Ese último cargo lo llevó, en 2003, a pisar por vez primera el Parlament de Catalunya, donde conoció a Jordi Pujol, ya apurando su última legislatura tras 23 años en el poder. Ahí le soltó al político, con su tan lanzada como taimada ingenuidad, que debía escribir sus memorias o que, si fuera el caso, ahí estaba él para recogerlas. Tras leer poco después el retrato que le hizo el periodista a partir de Vint i Jordi Pujol: confessions de persones que l’han conegut, le hizo caso y le dictó las memorias. Pero el político se olvidó de citar en ellas la famosa herencia del abuelo Florenci. “Las memorias son suyas y puso lo que quiso”, justificó al expresident, al que seguía frecuentando: “Yo le quiero”.
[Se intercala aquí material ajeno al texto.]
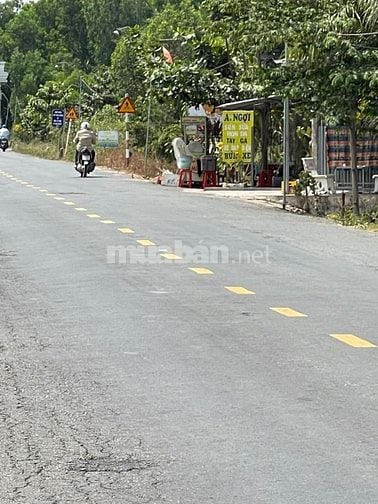 Bán Đất 1696M2 Có 139M2 Thổ,19Mx89M,Mặt Tiền ĐT829 Tân Thạnh Long An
Mejor columnista que tertuliano (TV3, RAC1, Catalunya Ràdio, TVE) por idiosincrasia de su manera de ver el mundo, el pasado 15 de mayo, en su clásica columna Vuits i nous (con su no menos tradicional saludo quitándose el sombrero) se despedía “por un tiempo largo” de sus lectores por un inminente trasplante de médula. El artículo, como casi todos los suyos, algunos reunidos en Enamorats de l’Audrey Hepburn (2015), lo debió escribir desde el mismo estudio que fue de su padre, donde se gestó el primer número de El Maresme de 1977. “El inicio de todo”. El final de todo. Uno de esos detalles circulares de la vida que tanto le gustaban.